Pictures are to be left out, and only the lines below starting at the one with "Shani Perera Hot Mix" and ending at the one with "Used Ford Transit" are to be reproduced, each exactly, both ends included.

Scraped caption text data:
==============================
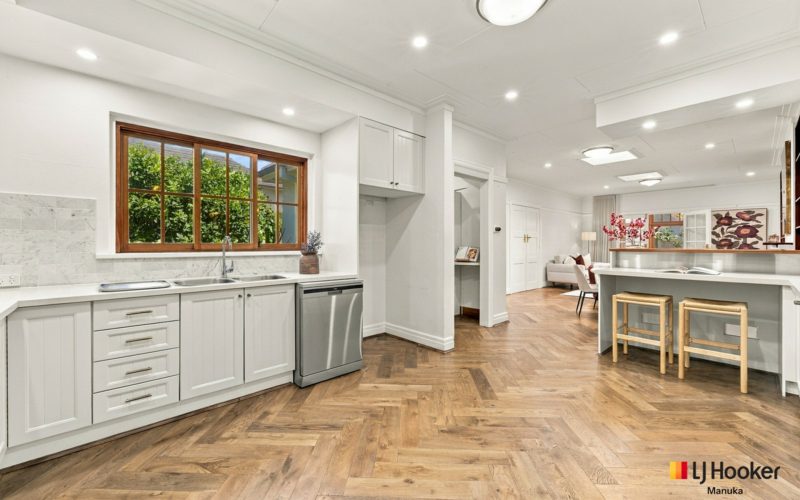 16 Durville Crescent, Griffith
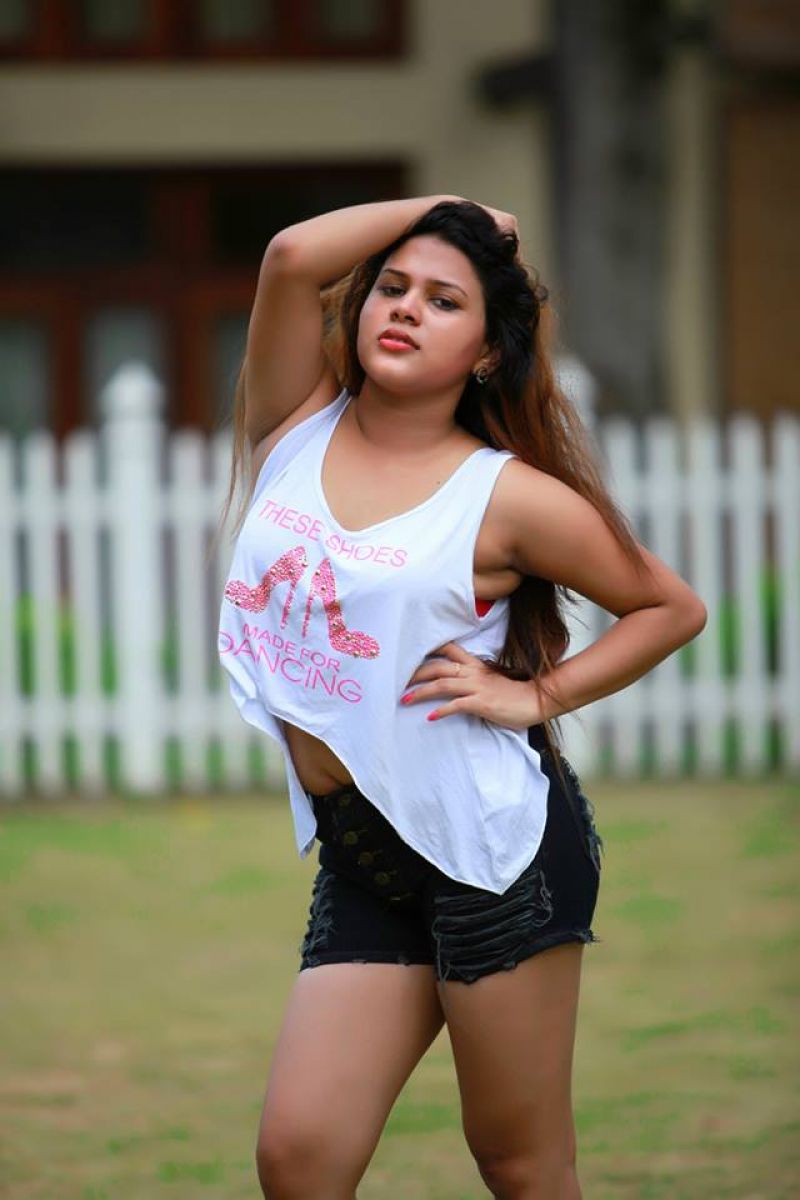 Shani Perera Hot Mix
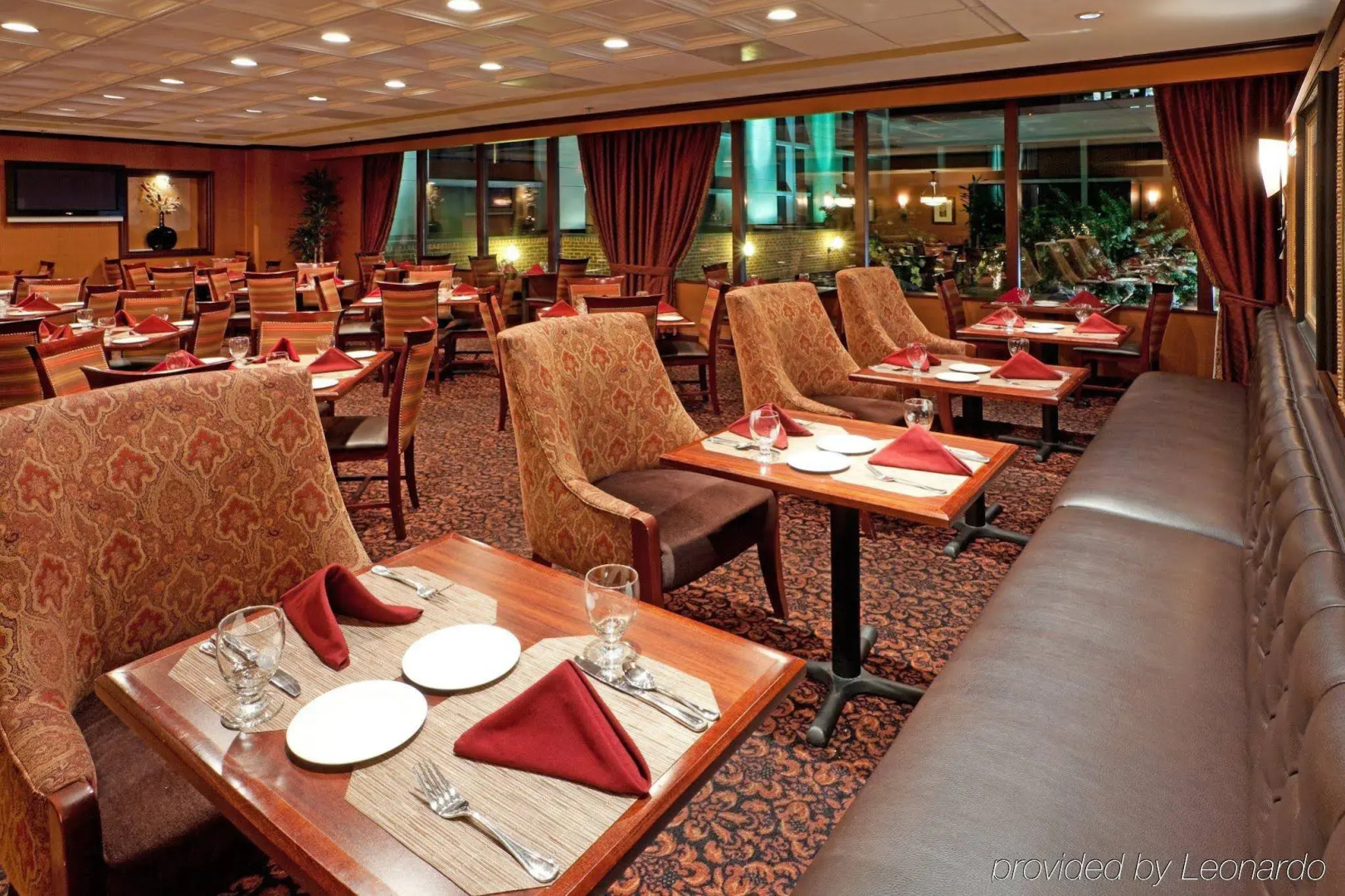 Doubletree by Hilton McLean Tysons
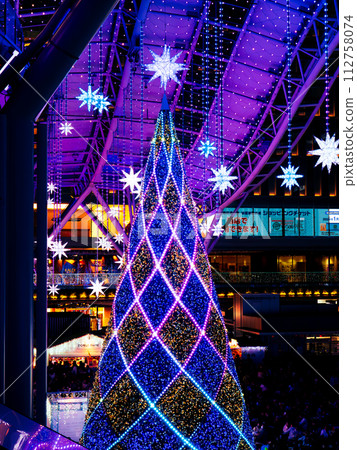 Illumination of the Christmas tree displayed at Hakata Station Plaza (a lively social space) in Fukuoka City, Fukuoka Prefecture 112758074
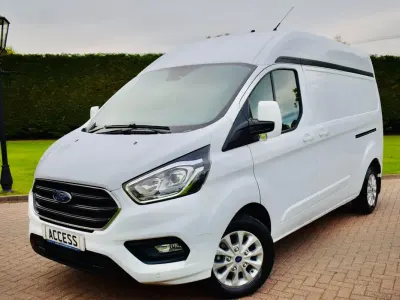 Used Ford Transit Custom Limited 130 HP (95 kW) 2023 White Van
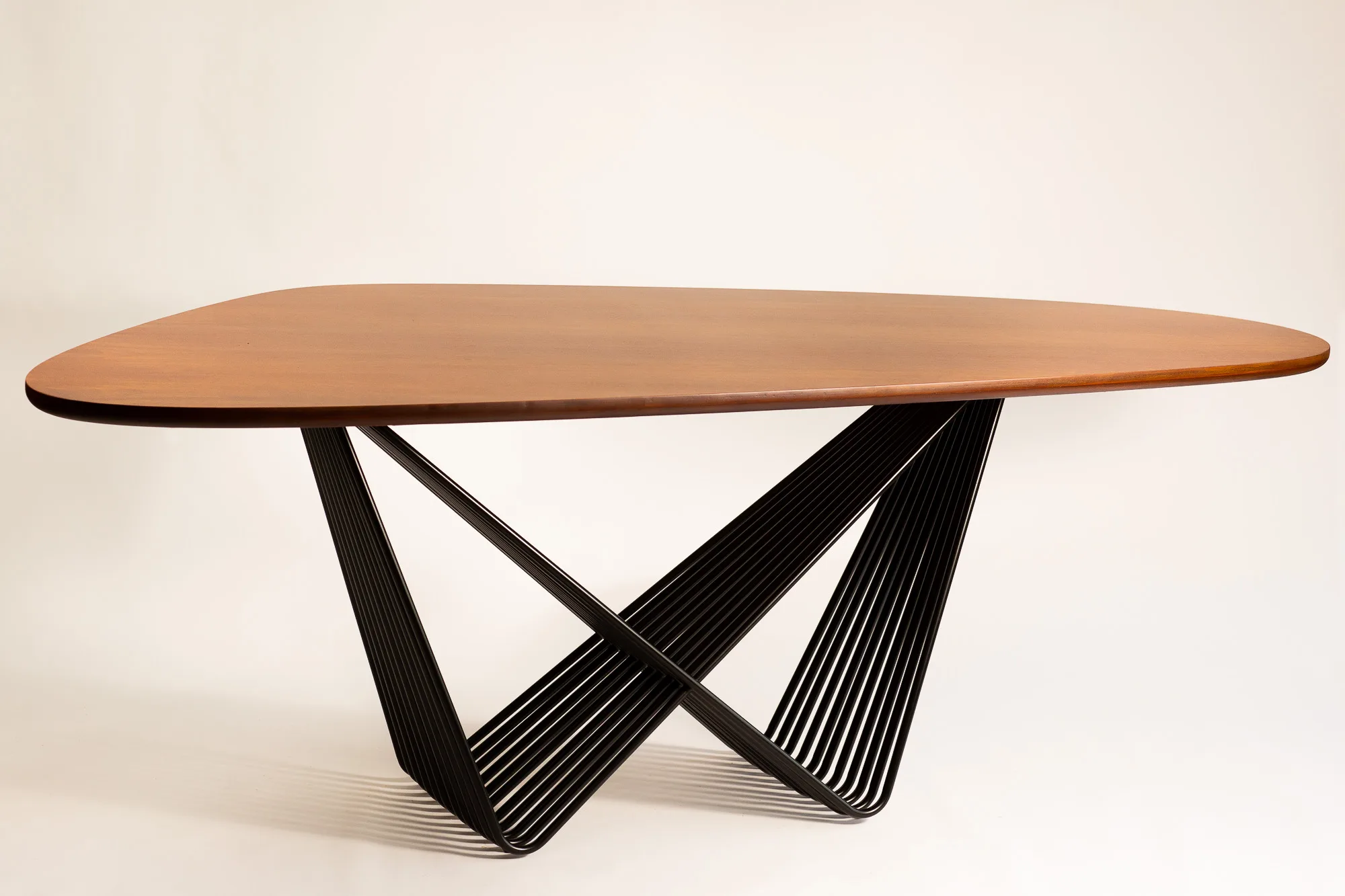 Mesa Orgânica Londres Conheça Mais Um Produto Da Qualidade Exclusiva Da Cadeiras Rosa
==============================
(EXPECTED ANSWER):
 Shani Perera Hot Mix
 Doubletree by Hilton McLean Tysons
 Illumination of the Christmas tree displayed at Hakata Station Plaza (a lively social space) in Fukuoka City, Fukuoka Prefecture 112758074
 Used Ford Transit Custom Limited 130 HP (95 kW) 2023 White Van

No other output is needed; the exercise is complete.